A Coolsystem only cools the child SUs and must be cooled by the Coolsystem of the parent of the Module to which it is connected. I.e. they only extract heat "from below" but accumulate it in their own thermal mass until the layer "above" them will extract their heat. Therefore, the ‘top level Module' (i.e. one without a parent) cannot have a Coolsystem, since it would just keep heating up. This top level must have an HVAC_Coolsystem (see below).

The Coolant in the coolsystem has a temperature, which is the temperature of the Module (or rather, the temperature of the module is the temperature of its coolsystem). The temperature will change due to heat exchange with the child SUs, neighbouring Modules and parent Module.

CoolSystems store usage statistics of their temperature, operating power, flow rate and the amount of heat they evacuated from their children.

CoolSystem_open

This is a simplification of the Coolsystem, basically by saying there open space between the parent of this Module and its children (i.e. the children of the Module are cooled by the CoolSystem of the parent of this module). Therefore, it can only be used by ‘middle level' Modules (i.e. Modules with both children and a parent).

The coolsystem acts like an ‘aggregator' of the child-SUs by having a large convective cooling constant. Therefore, it will heat up to the same T as the children, be cooled by the parent, and then pass on this cooling to the children.

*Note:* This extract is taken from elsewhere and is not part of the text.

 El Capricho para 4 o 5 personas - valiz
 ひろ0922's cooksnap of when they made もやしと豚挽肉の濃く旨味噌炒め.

An open coolsystem does not require operating power (since it has no fan).

CoolSystem_HVAC

This child-class extends a conventional CoolSystem and must be used by the top-level Module (or a Battery), which does not have a parent. Therefore, this coolsystem can cool itself by exchanging heat with the environment.

It has an AC unit to cool down itself from the environment. The amount of cooling we get from the environment can be controlled similar to the controls of the fan (but note that here we control the cooling power, not some flow rate). The heat exchange with the environment can happen in two ways:

  • If the environment is cold enough, we simply suck in a volume of cold air corresponding to the cooling power we want. The operating power of the AC unit is then the power needed to suck in this air over the given time period and cross section (similar to how the operating power of a conventional CoolSystem is calculated)
  • If the environment is too hot, we use an active cooling system. This is not simulated explicitly, we just assume we can get a certain amount of cooling, and the operating power is the product of the COP (coefficient of performance) multiplied by the cooling power. Note that this is very inefficient, i.e. you need a lot of power to run it.

On top of all the convention data storage, HVAC systems also store the heat exchange with the environment (i.e. the cooling power from the AC unit) and the operating power of the AC unit. Note that these are stored separately to the heat extracted from the child SUs and the operating power of the fan to cool the child SUs.

Cycler

Cycler implements functions to load a StorageUnit with a constant current or constant voltage.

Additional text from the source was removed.